非核化でも侮れない北朝鮮「通常兵器」ハイテク マル秘戦闘力① (1/2ページ)

週刊実話

 9月9日に行われた北朝鮮建国70年を祝う軍事パレードに、米本土全域を射程に入れた大陸間弾道ミサイル(ICBM)が登場しなかったことから、「北朝鮮は武力挑発から対話に路線転換した」との見方が出ている。しかし、これは朝鮮戦争の「終戦宣言」にこぎ着くための、米国を刺激しない“戦術”にすぎない。
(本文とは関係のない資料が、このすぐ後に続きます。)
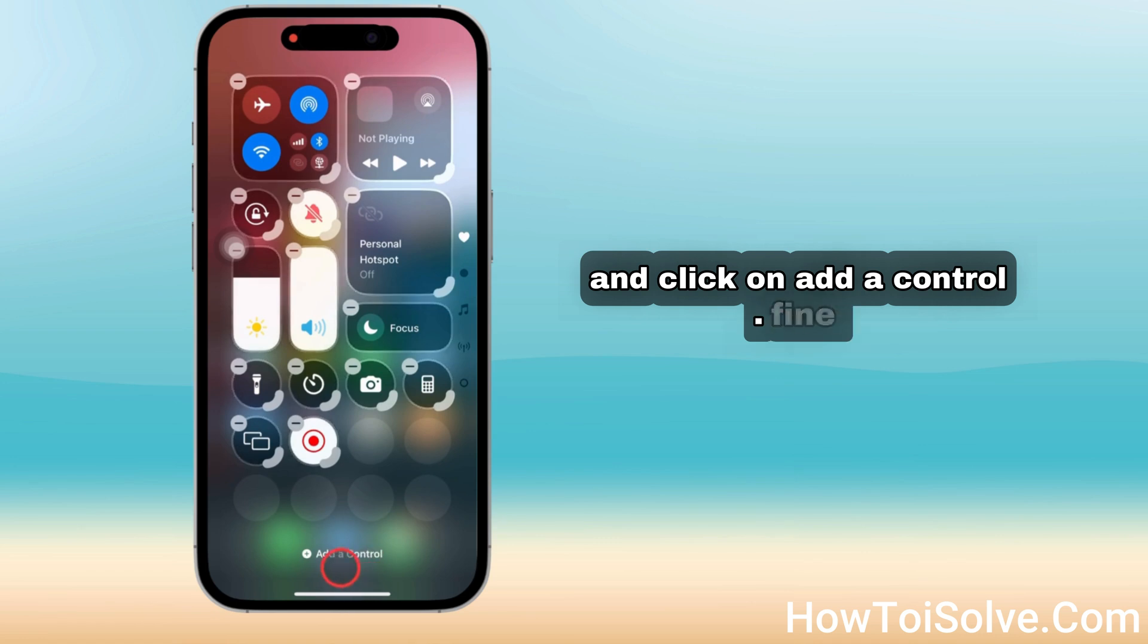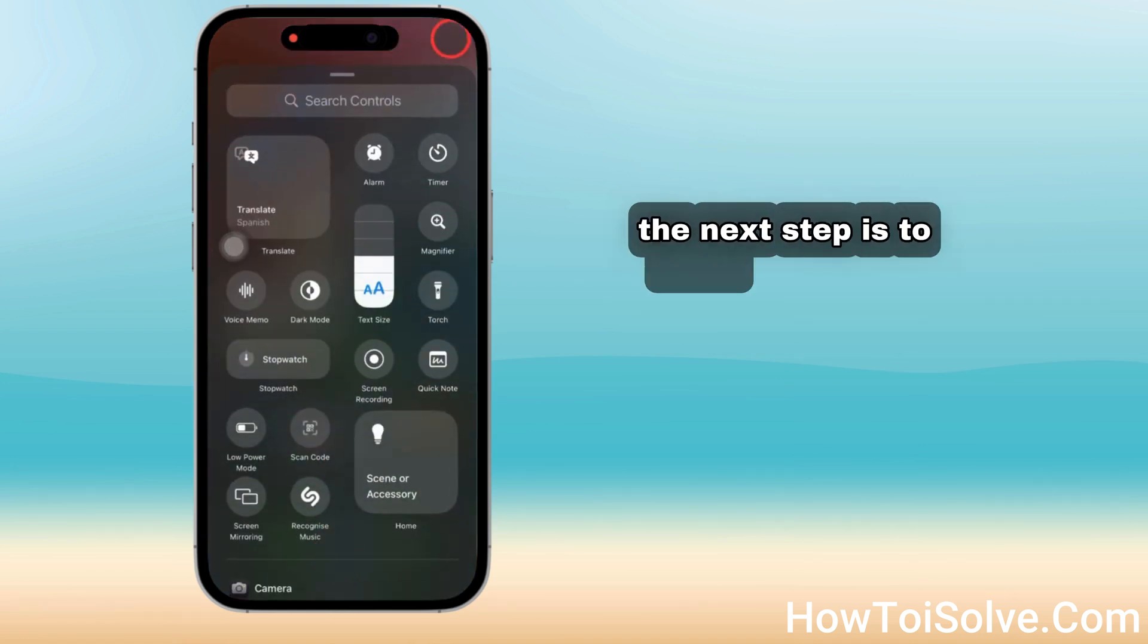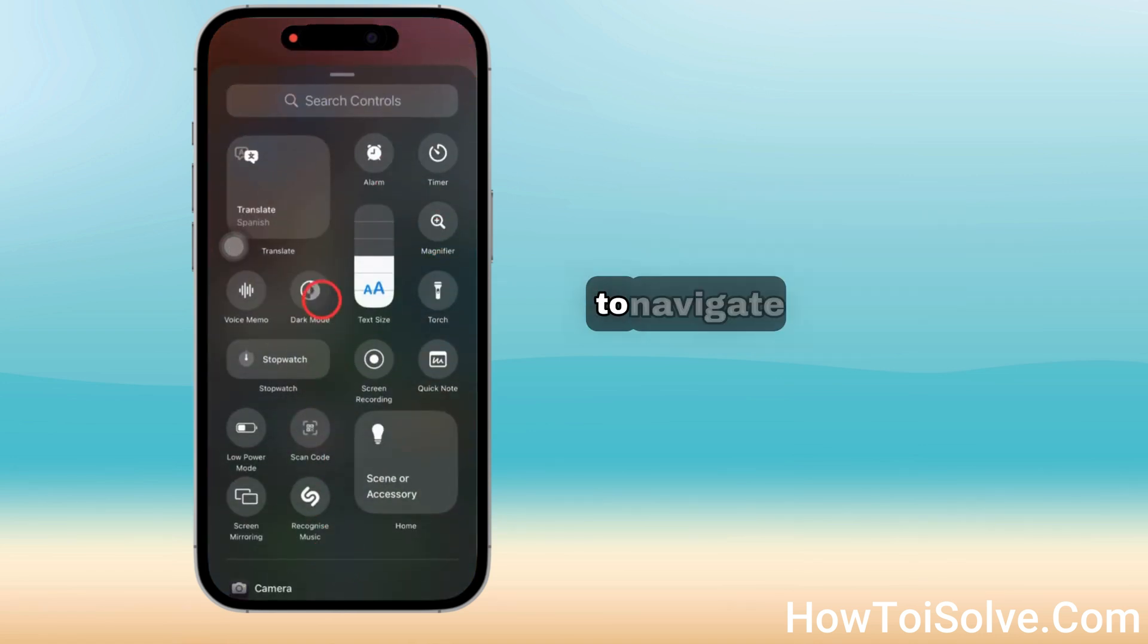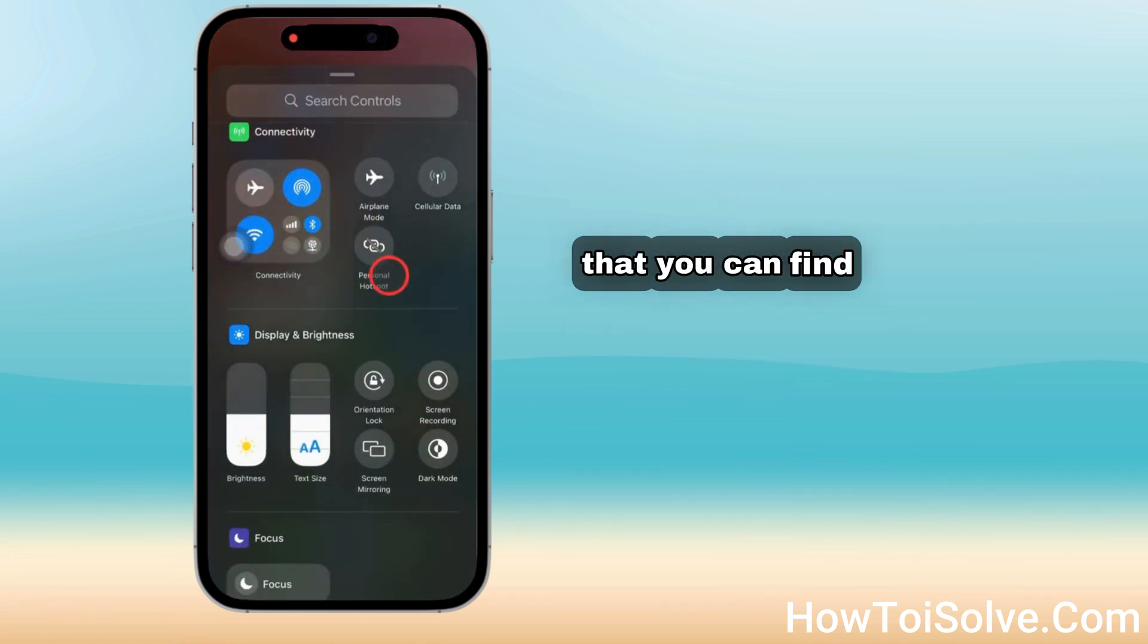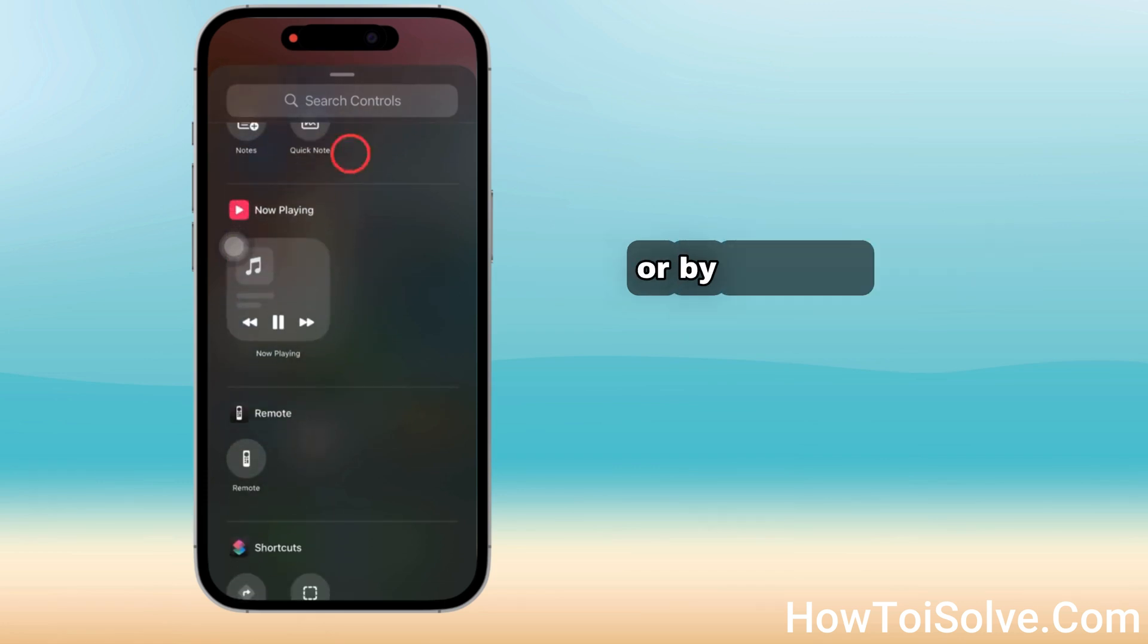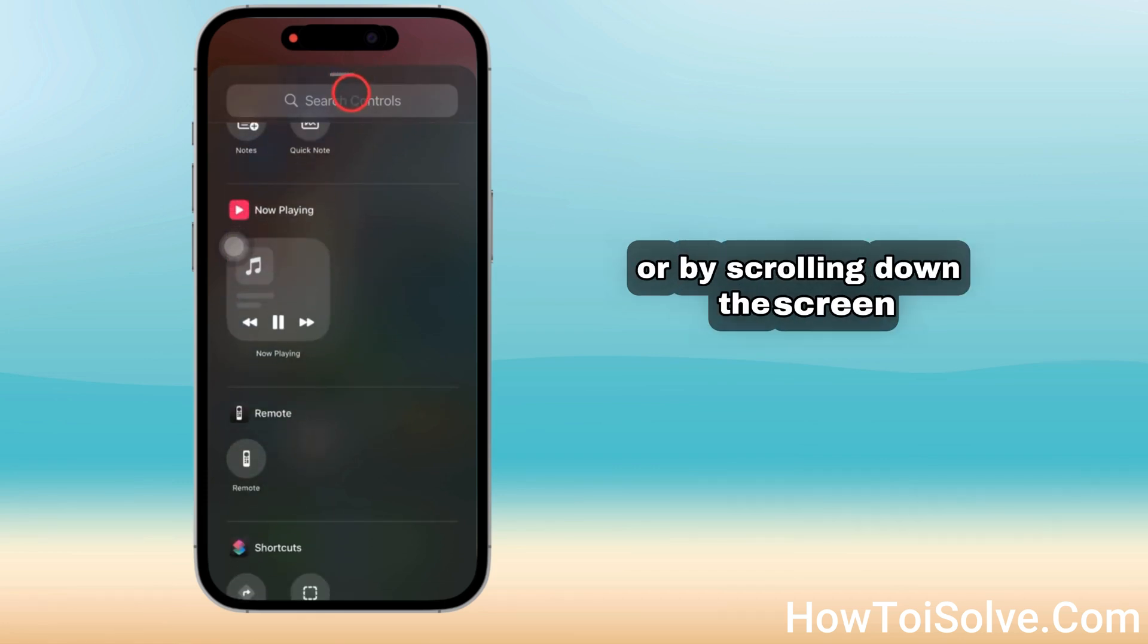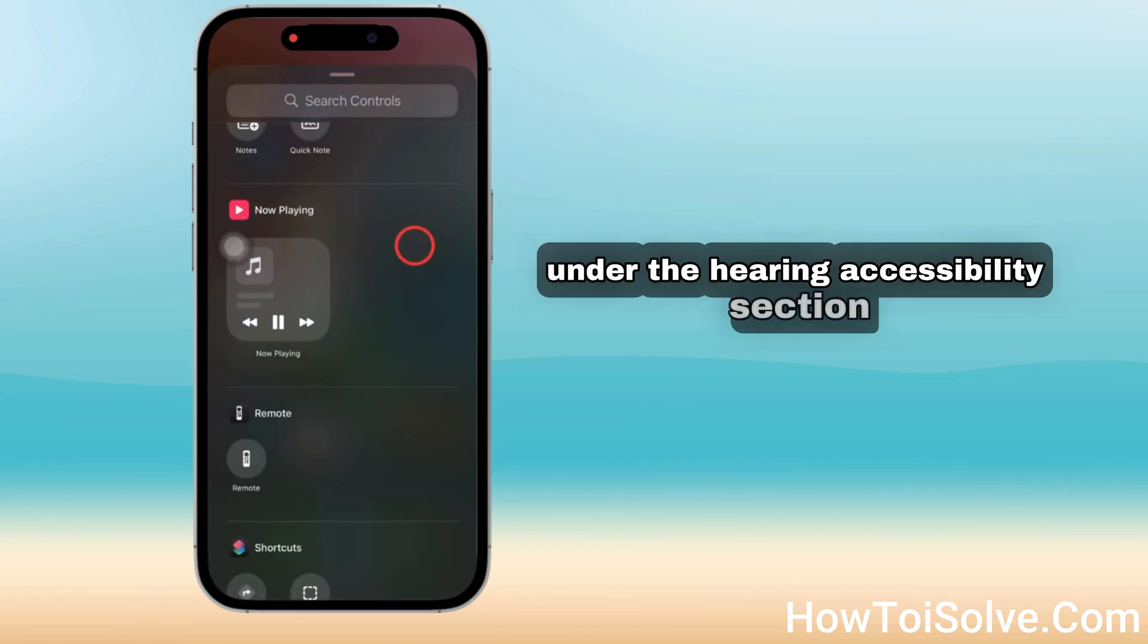The next step is to scroll the screen to navigate to the hearing control. You can find it via the search bar or by scrolling down the screen under the hearing accessibility section.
 9月19〜20日に開催された第3回南北首脳会談で「平壌共同宣言」が採択されたが、最大の焦点である北朝鮮の非核化を巡っては、実質的な進展はなかった。一応、東倉里にあるミサイル関連施設を専門家の立ち会いのもとで永久廃棄することが明記されている他、「アメリカが相応の措置を取れば」という条件付きで、寧辺にある核施設廃棄などの追加措置を取る用意があると記されている。

 この首脳会談の前には、金正恩党委員長が核廃棄に向けたスケジュール表を提示するなども予想されていたのだが、現実は核廃棄への意思を“チラ見せ”させただけだった。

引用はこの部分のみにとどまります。